As a random aside, if you were in the business of making applications with multiple table views, you could modify initializeTableWithColumns: to work with multiple tables. You would have to change the name to initializeTable:withColumns: to add another argument, which is a table view. The actual implementation would change little:

- (void)initializeTable:(NSTableView *)aTableView withColumns:(NSArray *)identifiers
{
  NSEnumerator *e;
  id column, identifier;

  // clear out the existing columns in tableView
  e = [[aTableView tableColumns] objectEnumerator];
  while ( (column = [e nextObject]) ) {
    [aTableView removeTableColumn:column];
  }

  // add columns from the argument array
  e = [identifiers objectEnumerator];
  while ( (identifier = [e nextObject]) ) {
    column = [tableColumns objectForKey:identifier];
    [aTableView addTableColumn:column];
  }
}

Notice that all we did was replace all instances of tableView, our outlet, with the argument variable name aTableView.
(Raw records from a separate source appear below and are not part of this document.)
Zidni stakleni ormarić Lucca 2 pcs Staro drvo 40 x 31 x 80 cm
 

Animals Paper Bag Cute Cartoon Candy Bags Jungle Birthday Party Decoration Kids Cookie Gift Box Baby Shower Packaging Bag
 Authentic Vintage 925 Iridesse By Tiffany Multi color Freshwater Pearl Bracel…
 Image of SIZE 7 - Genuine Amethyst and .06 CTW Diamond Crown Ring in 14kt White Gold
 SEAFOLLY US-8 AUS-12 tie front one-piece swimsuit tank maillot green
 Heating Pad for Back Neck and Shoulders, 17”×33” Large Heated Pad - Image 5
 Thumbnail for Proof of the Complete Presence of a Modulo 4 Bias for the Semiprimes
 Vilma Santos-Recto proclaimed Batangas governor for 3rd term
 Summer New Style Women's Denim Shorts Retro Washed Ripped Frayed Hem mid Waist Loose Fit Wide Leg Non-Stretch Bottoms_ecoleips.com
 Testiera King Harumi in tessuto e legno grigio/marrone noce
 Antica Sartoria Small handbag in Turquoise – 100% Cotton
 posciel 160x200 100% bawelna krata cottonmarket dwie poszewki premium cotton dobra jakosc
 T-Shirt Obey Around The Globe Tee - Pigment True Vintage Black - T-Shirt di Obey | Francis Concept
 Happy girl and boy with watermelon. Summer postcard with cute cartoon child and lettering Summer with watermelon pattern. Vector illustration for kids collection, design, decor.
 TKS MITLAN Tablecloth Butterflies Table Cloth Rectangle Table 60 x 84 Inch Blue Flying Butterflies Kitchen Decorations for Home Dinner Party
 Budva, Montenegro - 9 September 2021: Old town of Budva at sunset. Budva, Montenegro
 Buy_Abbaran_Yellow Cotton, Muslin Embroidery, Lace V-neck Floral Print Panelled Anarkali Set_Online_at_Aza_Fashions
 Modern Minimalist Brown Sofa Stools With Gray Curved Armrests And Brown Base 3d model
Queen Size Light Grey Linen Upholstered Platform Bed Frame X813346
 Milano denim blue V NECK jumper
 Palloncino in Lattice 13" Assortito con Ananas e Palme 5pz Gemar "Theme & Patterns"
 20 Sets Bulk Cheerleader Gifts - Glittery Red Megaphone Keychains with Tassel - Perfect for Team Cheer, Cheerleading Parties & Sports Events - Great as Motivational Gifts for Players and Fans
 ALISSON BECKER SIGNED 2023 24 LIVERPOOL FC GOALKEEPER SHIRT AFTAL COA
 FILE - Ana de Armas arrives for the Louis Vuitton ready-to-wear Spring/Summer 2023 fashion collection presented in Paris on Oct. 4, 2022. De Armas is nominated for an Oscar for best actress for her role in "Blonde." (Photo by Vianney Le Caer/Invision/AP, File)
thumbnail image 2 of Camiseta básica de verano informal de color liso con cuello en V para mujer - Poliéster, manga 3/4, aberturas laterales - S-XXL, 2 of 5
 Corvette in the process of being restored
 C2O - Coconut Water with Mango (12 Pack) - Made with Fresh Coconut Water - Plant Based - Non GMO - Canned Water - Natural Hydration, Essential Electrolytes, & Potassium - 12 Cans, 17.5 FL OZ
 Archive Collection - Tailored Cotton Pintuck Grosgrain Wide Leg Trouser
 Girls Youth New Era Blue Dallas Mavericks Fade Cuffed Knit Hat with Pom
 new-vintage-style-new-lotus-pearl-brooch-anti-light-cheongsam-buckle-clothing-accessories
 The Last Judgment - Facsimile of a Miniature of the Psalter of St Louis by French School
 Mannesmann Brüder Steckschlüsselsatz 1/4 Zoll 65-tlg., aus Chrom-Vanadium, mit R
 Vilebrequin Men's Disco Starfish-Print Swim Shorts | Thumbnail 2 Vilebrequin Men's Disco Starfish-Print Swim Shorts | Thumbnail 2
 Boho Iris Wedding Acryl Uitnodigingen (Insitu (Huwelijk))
In awakeFromNib where we call this, we would have the line:

[self initializeTable:tableView withColumns:userColumns];

You can use this version if you like for this application, but it doesn't really matter as we have only one table.

Saving table column preferences

The next step in dealing with table column preferences is to implement a method to save the current table configuration to user defaults. We'll call this method saveTableColumnPrefs. This method is analogous in function to the method saveData that we implemented two columns ago. The implementation shown here will be very straightforward, saving only information about which columns were in the table and in what order they appeared. Later on we'll discuss possibilities for saving more information about the table configuration.

In this method we will create an enumerator of the table columns like we did above, clear out the array userTableColumns, and then repopulate userTableColumns with the identifiers of the columns currently contained in the table. So let's see this in code:

- (void)saveTableColumnPrefs
{
  id column;
  NSEnumerator *e = [[tableView tableColumns] objectEnumerator];
  
  [userColumns removeAllObjects];

  while ( (column = [e nextObject]) ) {
    [userColumns addObject:[column identifier]];
  }
  
  [prefs setObject:userColumns forKey:@"User Columns"];
}

Here is what we have: First we create the enumerator from the array of table columns returned by the tableColumns message to tableView. The next line clears out the userColumns array using removeAllObjects. Now we go into the while statement using the enumerator to get the next column in the array. Within the loop, we add to userColumns the string returned by an identifier message to column. At the end of this loop, we have an array of identifiers that preserves the order of table columns in the table, but before we leave the method in the last line, we tell prefs to make userColumns the object associated with the @"User Columns" key. This method will be used in a moment by the setColumn action method.